Sunday, November 11, 2018

Third to Last Sunday of the Church Year

St. Luke 17:20–37 (Alternate Gospel)

In the Name of the Father and of the + Son and of the Holy Spirit. Amen.

The Pharisees asked Jesus when the kingdom of God would come. This comes as really no surprise since we know the Pharisees were always looking for an outward, visible kingdom. They wanted a new king to restore the ancient throne of David, to throw off the Romans, their Gentile overlords, and to reestablish the visible dominion of the Jewish people. This is one of the reasons why the Pharisees refused to accept Jesus as their Messiah. He just wasn’t the kind of king they wanted.
Jesus disappoints them in this Gospel reading too. He answered them, “The kingdom of God is not coming in ways that can be observed.” It won’t be a visible, earthly kingdom. It won’t have boundaries on the map or wage war over territory. It won’t have a capital city or any kind of human government. Jesus goes on, “Nor will they say, ‘Look, here it is!’ or ‘There!’ for behold, the kingdom of God is in the midst of you.” The kingdom of God cannot be seen by the eye, or arrived at by travel, or entered by any outward, human work.
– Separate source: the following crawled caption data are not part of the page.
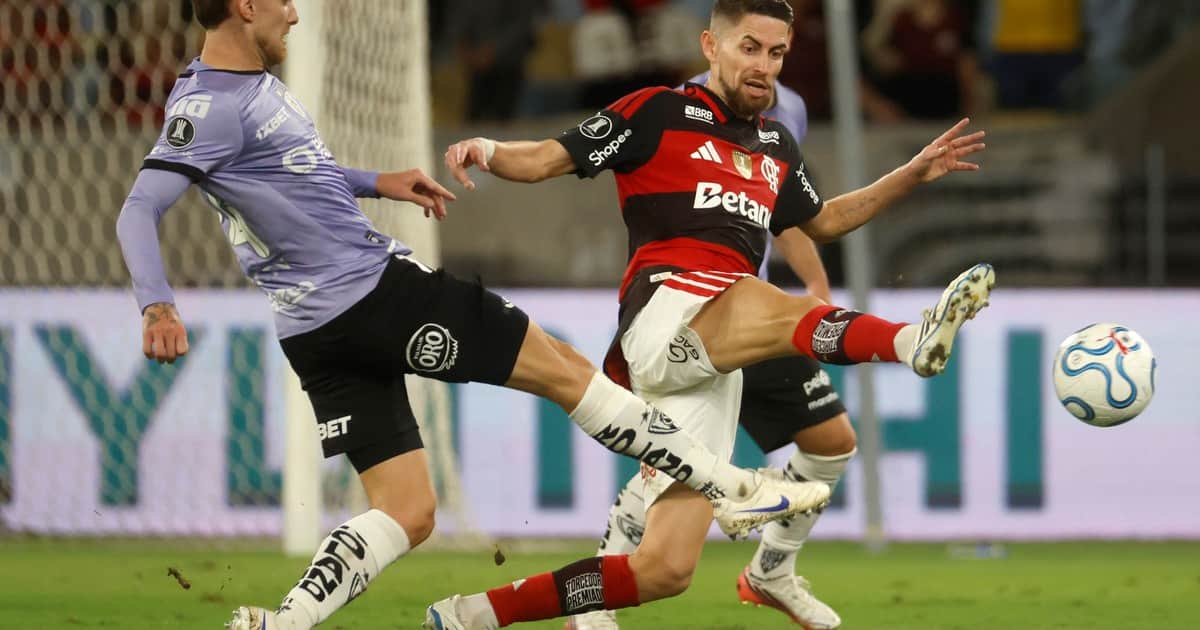 Atención Estudiantes: hasta los jugadores de Flamengo critican el campo de juego del Maracaná y dicen preferir jugar en césped sintético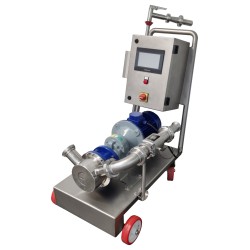 Bomba dosificadora y contalitros Eurofill 60 con pantalla táctil y radiocontrol 4 kW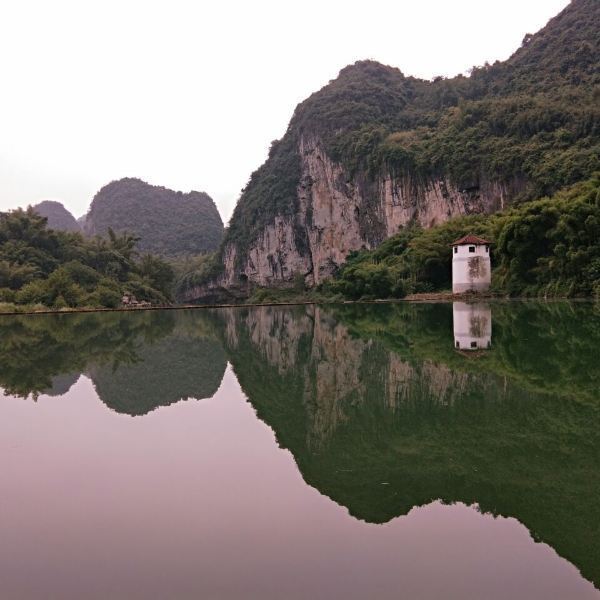 古龙河漂流景区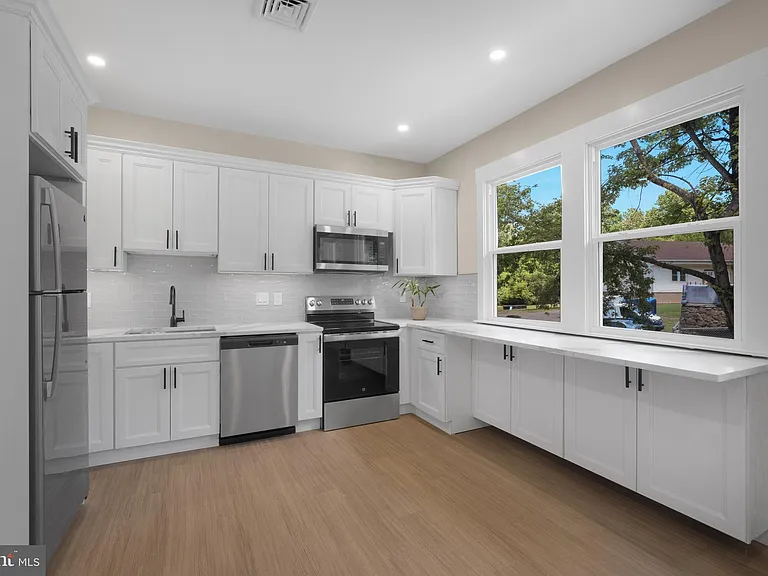 71 Dreamland Park Dr #75 — Photo 13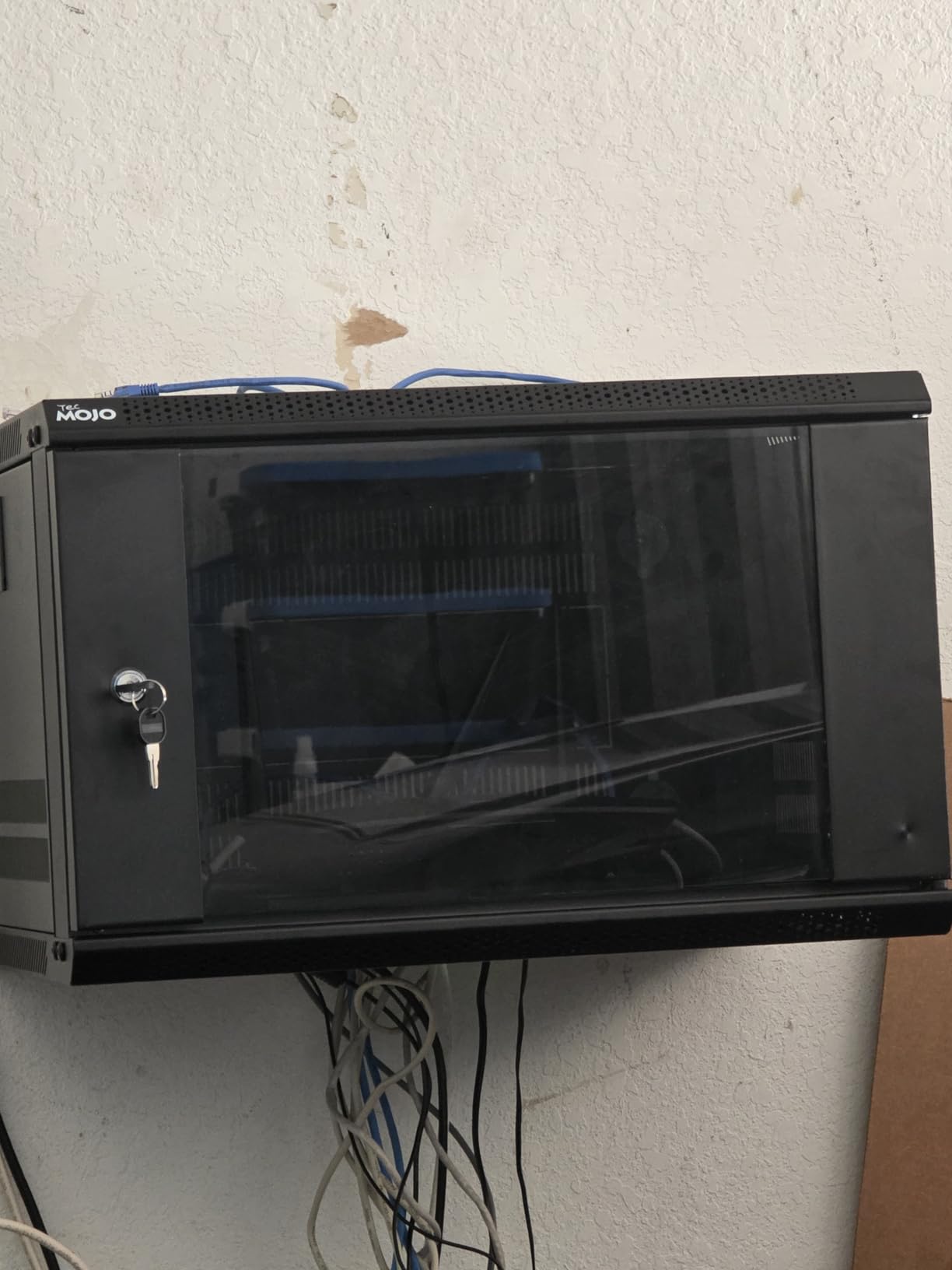 Tecmojo 6U Wall Mount Server Cabinet IT Network Rack Enclosure Lockable Door and Side Panels Black, Cooling Fan, Standard Glass Door, 450mm Depth, for 19” IT Equipment, A/V Devices customer photo 2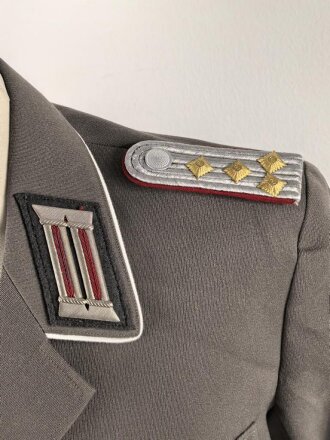 DDR, Uniformjacke eines Angehörigen im Wachregiment...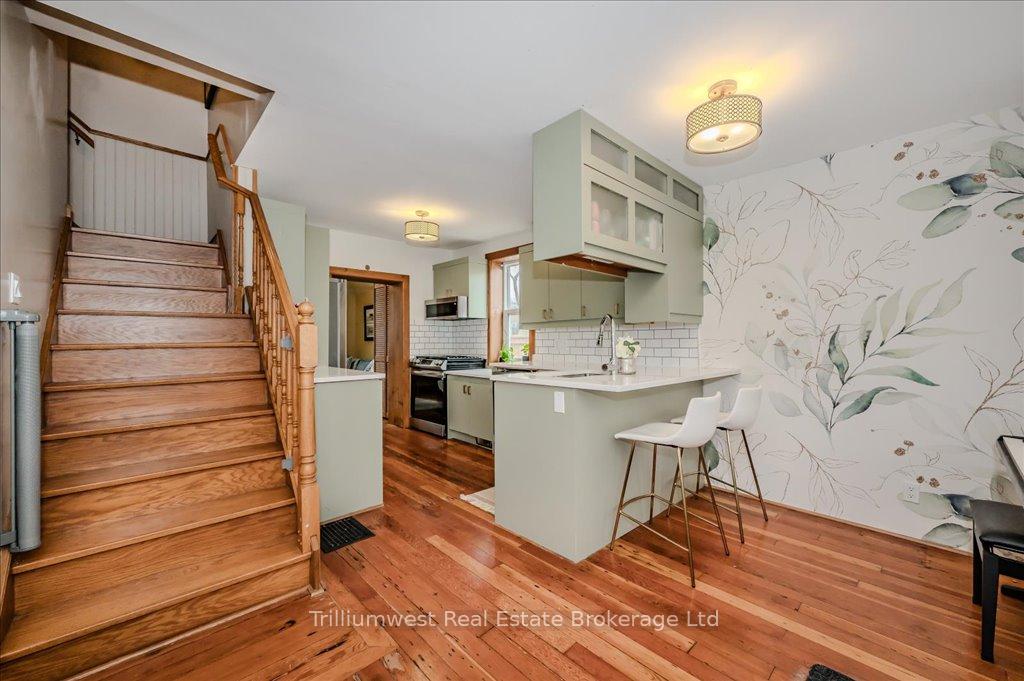 Photo 7 of 15 Tyson Drive, Kitchener, Bridgeport — HOMEH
The kingdom of God is hidden, and it’s right here. The Pharisees wanted to see the glorious kingdom of God that will be revealed on Judgment Day. But Jesus redirects our attention. The kingdom of God is already here. And if we don’t pay attention to His kingdom now, then we will never see it on the Last Day.
Behold, the kingdom of God is in the midst of you. The kingdom of God is wherever its King is. Jesus was right in front of them: teaching, preaching, doing miracles. The kingdom of God was there in their midst. And that’s still the case: the kingdom of God is wherever its King is. The kingdom cannot be observed in an outward manner because Jesus does not rule in an outward manner. Jesus speaks of an inward, spiritual kingdom. It’s a kingdom created by the Holy Spirit through the preaching of the Word. It’s a kingdom of faith, and the only way into this kingdom, the only way to have the kingdom of God in your midst, is to have faith in its King. This is precisely what Luther teaches us in the Small Catechism, on the Second Petition of the Lord’s Prayer: Thy Kingdom come… God’s kingdom comes when our heavenly Father gives us His Holy Spirit, so that by His grace we believe His holy Word and lead godly lives here in time and there in eternity. This is also what we heard last week, All Saints’ Day: you are in the kingdom of God now. The Church is God’s kingdom, and by Baptism and faith you have already begun the new life of that kingdom: here in time and there in eternity.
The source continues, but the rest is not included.